■ Exercise aim
Reproduce, word for word, all of the records; the pictures stay out.

■ Given records
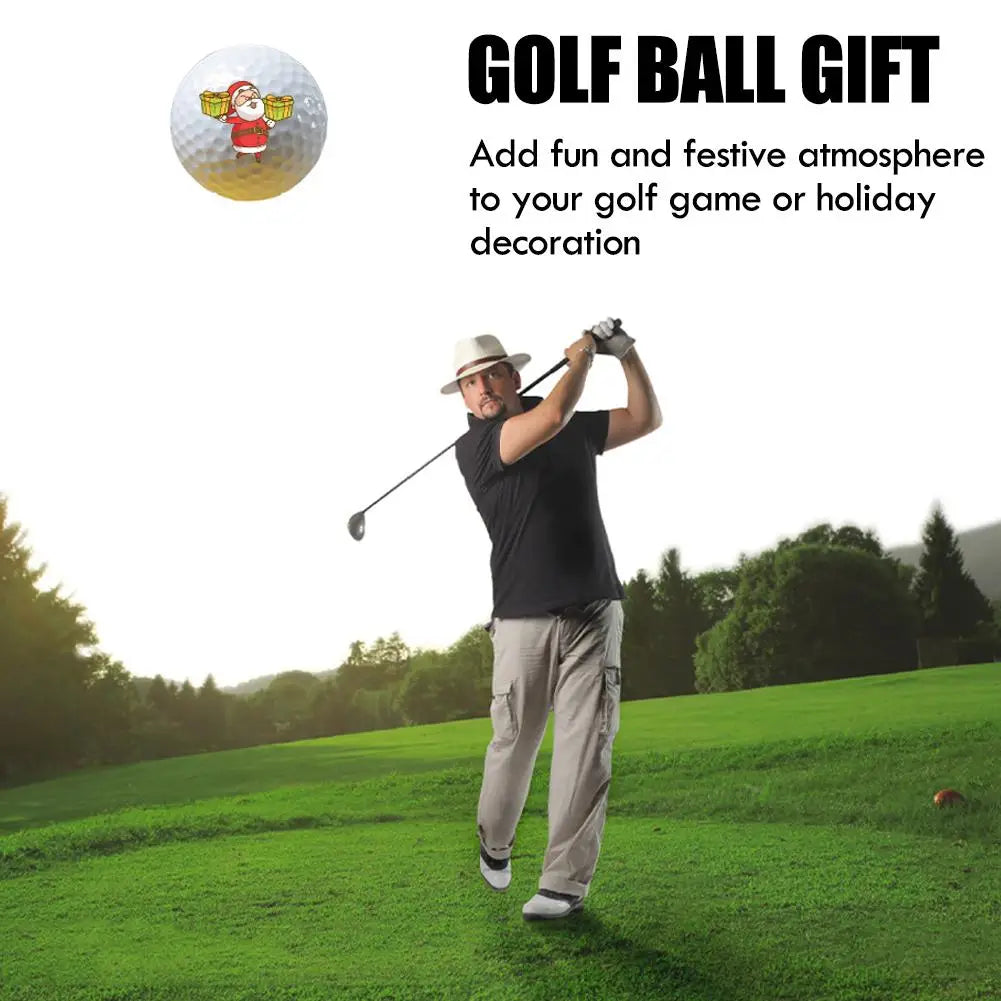 3pc golf ball，Festive Golf Balls Christmas Themed Designs With Santa Reindeer And Holiday Decorations Rubber Material Ideal Oasis Select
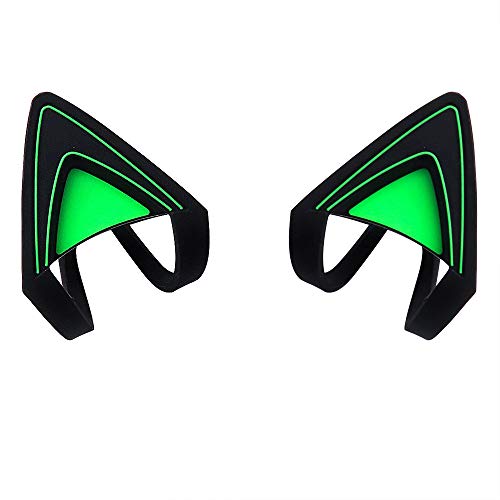 HUYUN Silicone Cat Kitty Ears Lovely Attachable Accessory Compatible for Razer Kraken 2019, Kraken TE Headsets (Green) - Image 1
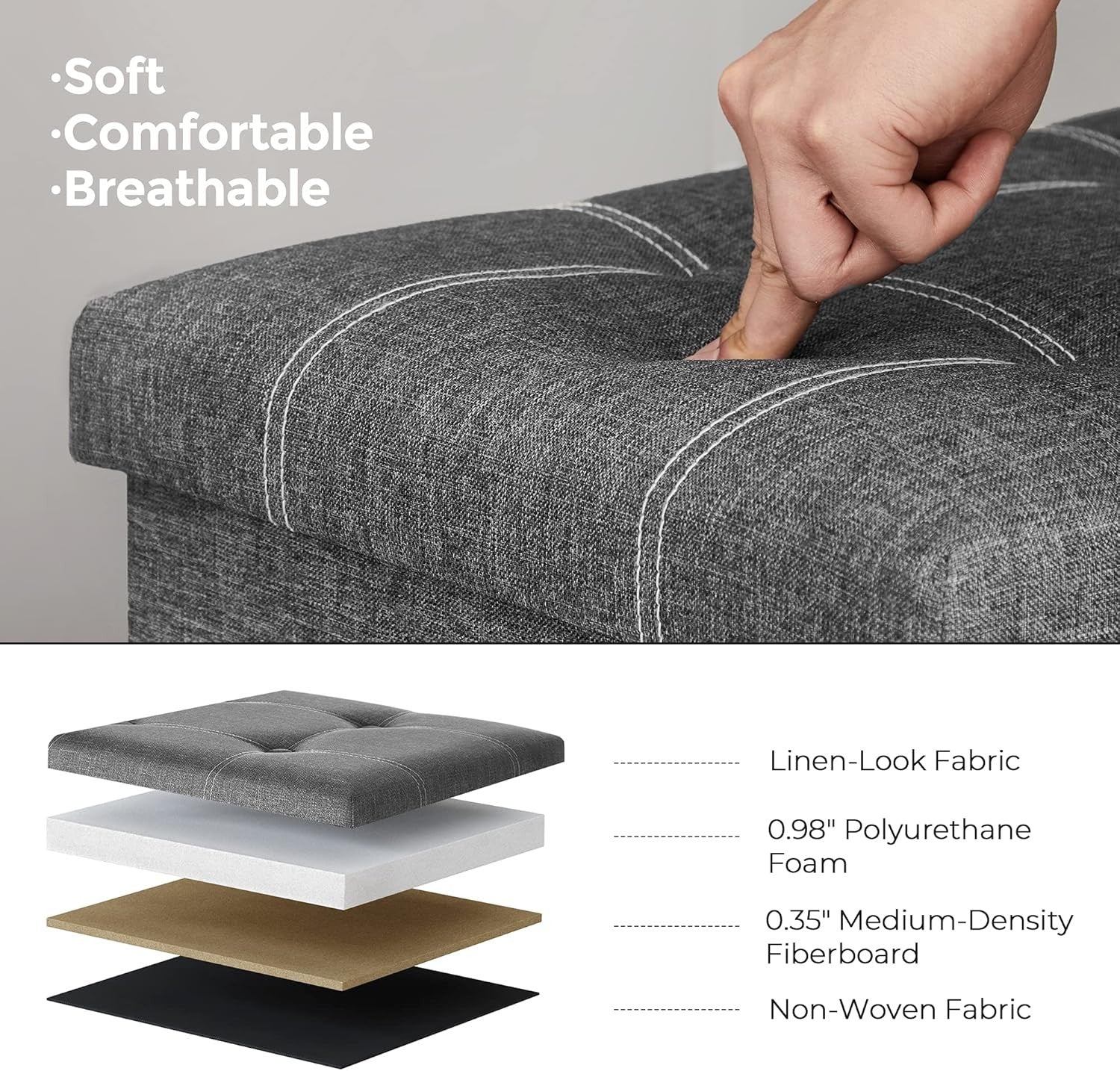 Folding Storage Ottoman Bench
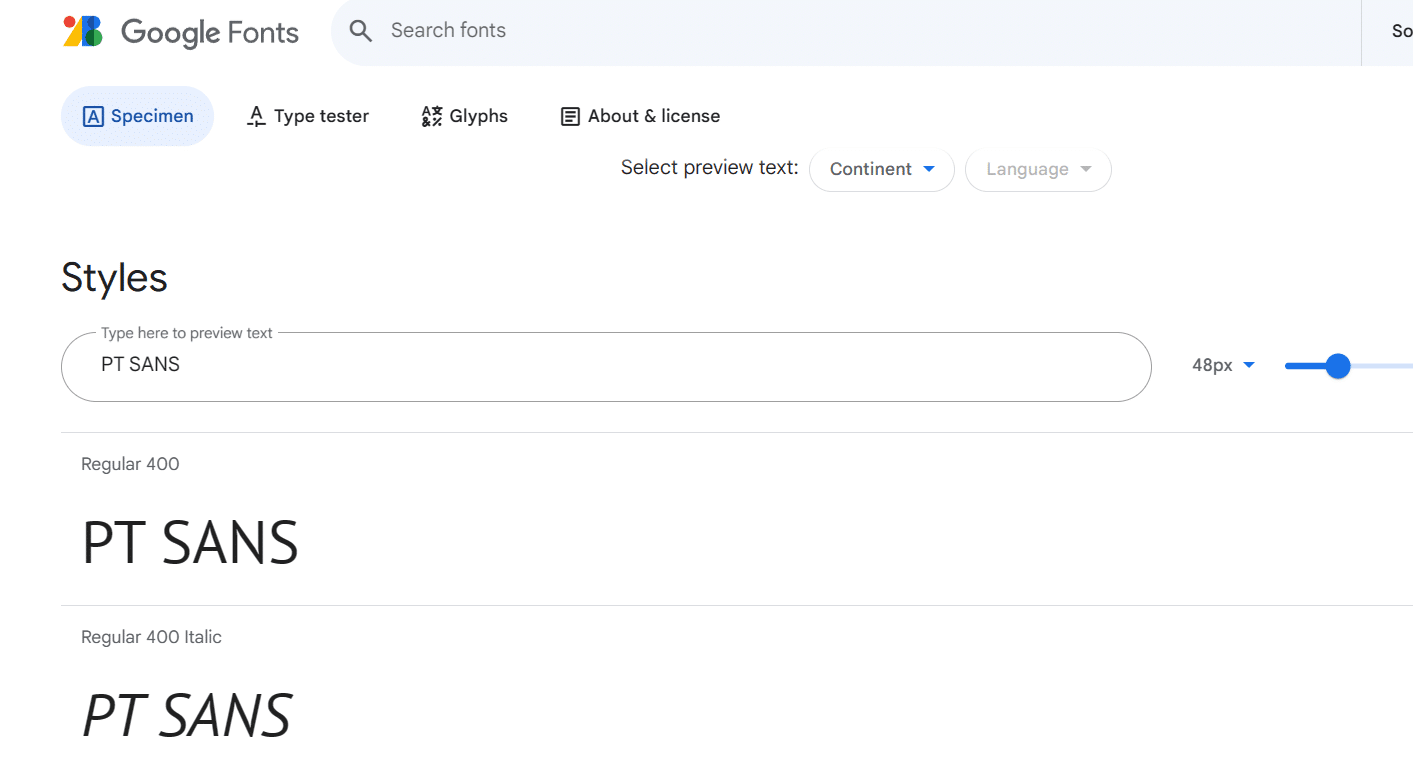pt sans on google fonts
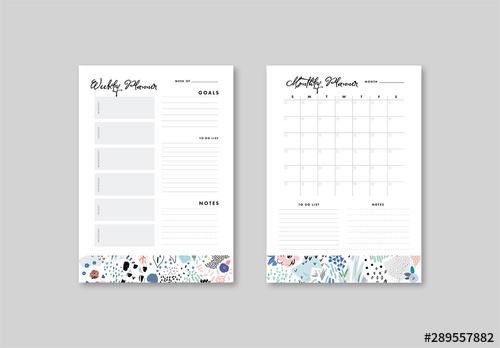 Weekly and Monthly Planner Layout with Illustrative Elements - 289557882 - 289557882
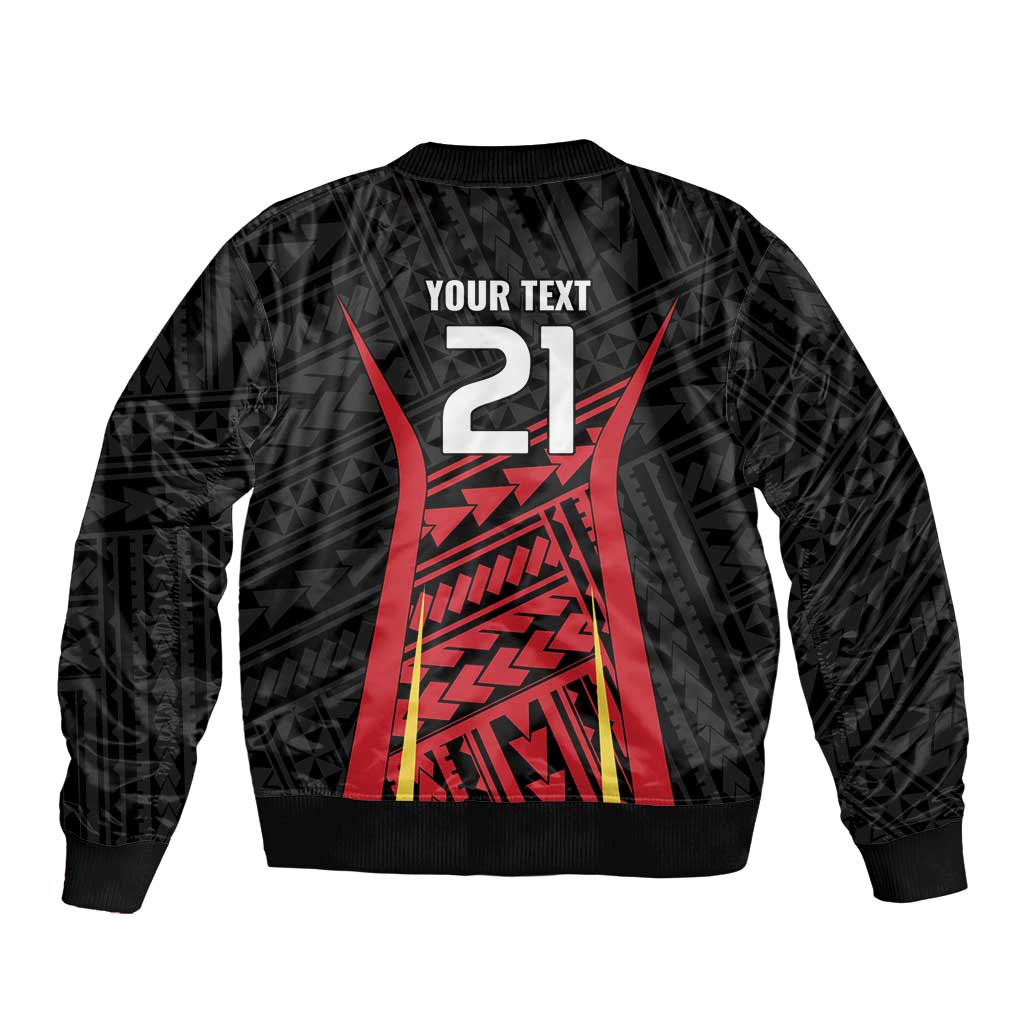 Custom Oceania Football Papua New Guinea Sleeve Zip Bomber Jacket Polynesian Tribal Pattern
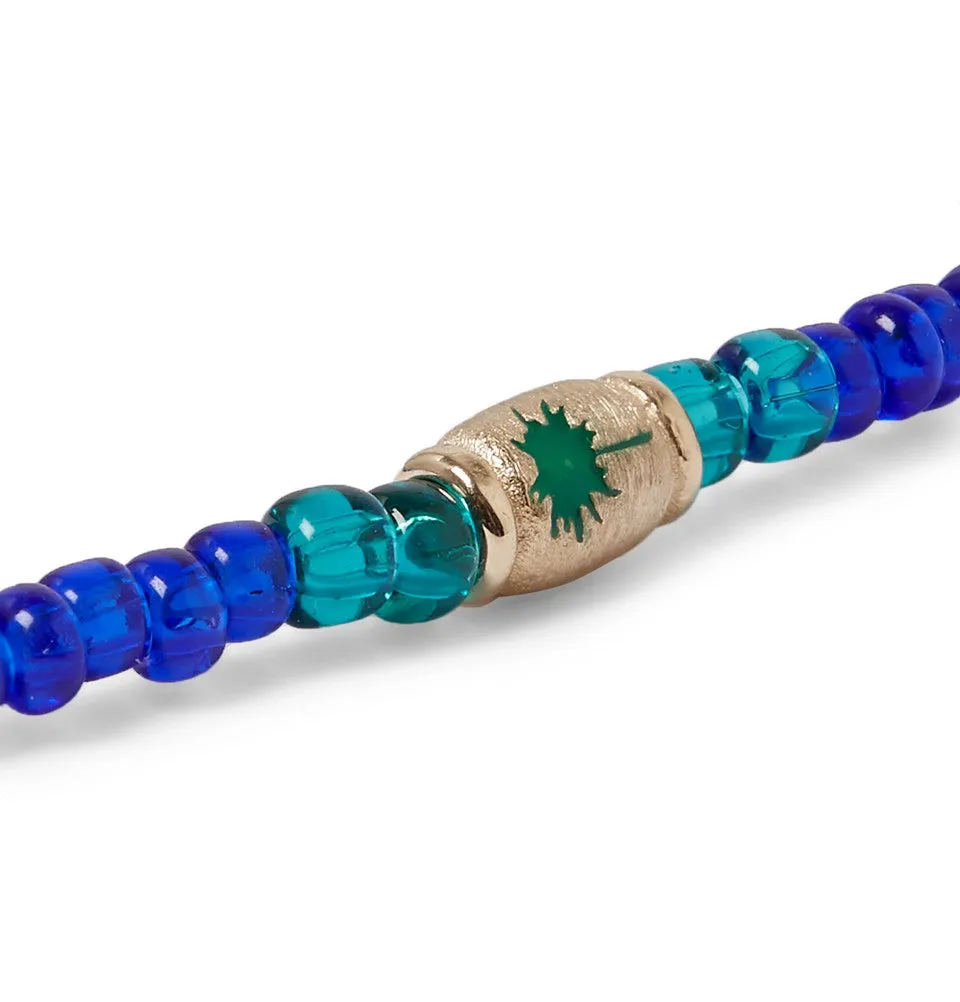 Enameled Gold Palm Tree Barrel on Beaded Bracelet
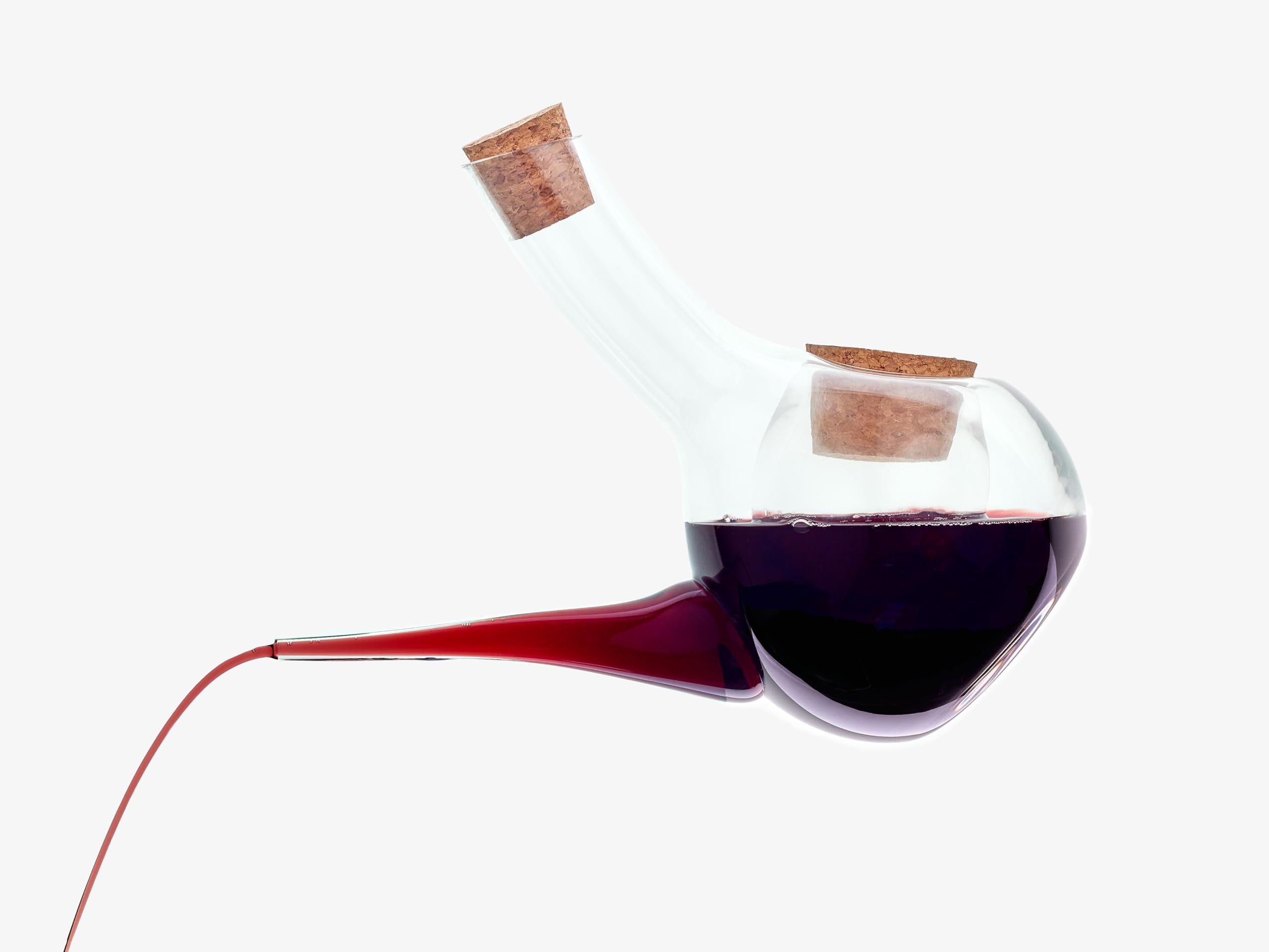 Porrón Enfriador de Cristal Tradicional con Capacidad 500 ml y Compartimento Independiente para Hielo – Salida Fina para Servir – Doble Tapón de Corcho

■ Response to this exercise
 3pc golf ball，Festive Golf Balls Christmas Themed Designs With Santa Reindeer And Holiday Decorations Rubber Material Ideal Oasis Select
 HUYUN Silicone Cat Kitty Ears Lovely Attachable Accessory Compatible for Razer Kraken 2019, Kraken TE Headsets (Green) - Image 1
 Folding Storage Ottoman Bench
pt sans on google fonts
 Weekly and Monthly Planner Layout with Illustrative Elements - 289557882 - 289557882
 Custom Oceania Football Papua New Guinea Sleeve Zip Bomber Jacket Polynesian Tribal Pattern
 Enameled Gold Palm Tree Barrel on Beaded Bracelet
 Porrón Enfriador de Cristal Tradicional con Capacidad 500 ml y Compartimento Independiente para Hielo – Salida Fina para Servir – Doble Tapón de Corcho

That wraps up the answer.